Ce type d’interprétations s’appuient notamment sur les découvertes de Bernstein quant aux codes socio-linguistiques « restreint » et « élaboré » respectivement employés au sein de la classe ouvrière et de la classe moyenne (Bernstein, 1973, cité par Sadovnik, 2001, p. 609). L’idée d’une forme d’éducation nouvelle » se diffuse donc peu à peu à compter des années 60, accompagnant la mise en place de l’école unique9 (Terrail, 2002). Celle-ci cherche alors à se dépêtrer de la forme traditionnelle de l’enseignement régnant depuis des millénaires – à savoir centrée sur l’activité d’un maître doté de savoir qui a pour fonction essentielle de le transmettre –, en choisissant de se recentrer sur l’activité de l’élève et de « plac[er] ainsi l’exigence d’adaptation au principe même de l’interaction pédagogique » (ibid., p. 221). Sous l’influence partielle de la thèse du « handicap socio-culturel », de nouvelles formes de « pédagogie adaptée » (ou « pédagogies du concret ») ont donc commencé à voir le jour (Bonnéry, 2007 ; Terrail, 2002, 2019).

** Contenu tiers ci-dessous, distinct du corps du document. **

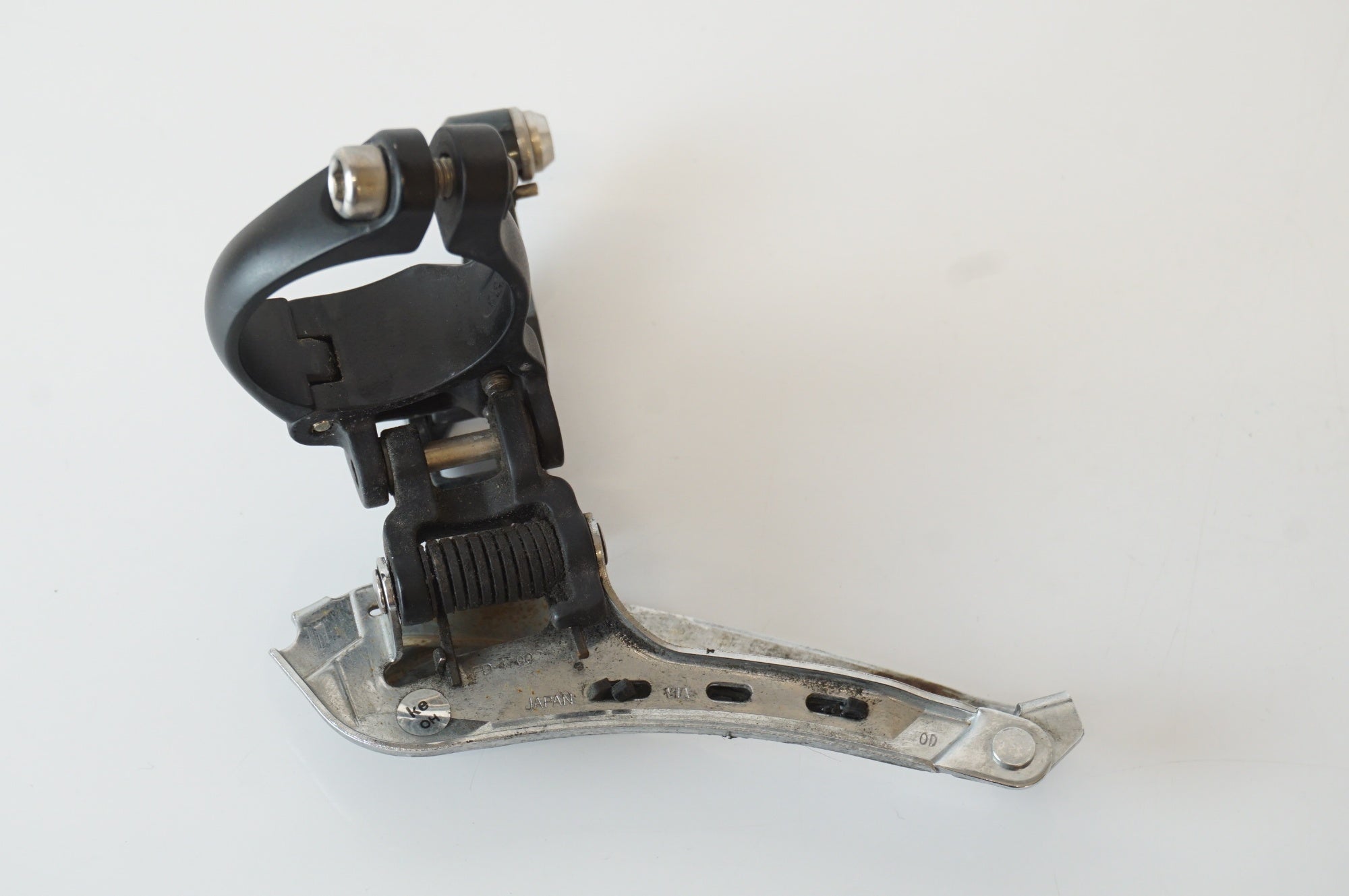 SHIMANO 「シマノ」 TIAGRA FD-4700 フロントディレイラー / 浜松店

Ces méthodes d’enseignement se sont depuis largement développées, jusqu’à entrer dans la norme actuelle. Les inégalités scolaires, en grande partie reproduites par le système de filières qui a été instauré au sein de l’école unique en lien avec ces conceptions différenciatrices, ne sont ainsi pas moins importantes aujourd’hui qu’à l’époque où l’accès des enseignements n’était réservé qu’à une certaine frange de la population. Elles se réalisent simplement de façon plus insidieuse, dorénavant au sein même du système scolaire (Bonnéry, 2007 ; Terrail, 2002).

Un ensemble de chercheur·ses en sciences sociales, sciences de l’éducation et didacticien·nes se sont ainsi attaché·es à décrire la façon dont les pratiques et dispositifs d’enseignement dominants peuvent contribuer à la construction de certaines inégalités entre les élèves, y compris en mathématiques. C’est le principal objectif du réseau RESEIDA10, fondé en 2001 à l’initiative de certain·es membres de l’équipe ESCOL (Éducation et scolarisation) tel·les qu’Élisabeth Bautier ou Jean-Yves Rochex (voir Rochex & Crinon, 2011, pour une analyse tirée d’un ouvrage collectif regroupant certaines conclusions importantes de ces travaux). Deux processus sont principalement identifiés : une différenciation « active » et une différenciation « passive » (Rochex, 2011).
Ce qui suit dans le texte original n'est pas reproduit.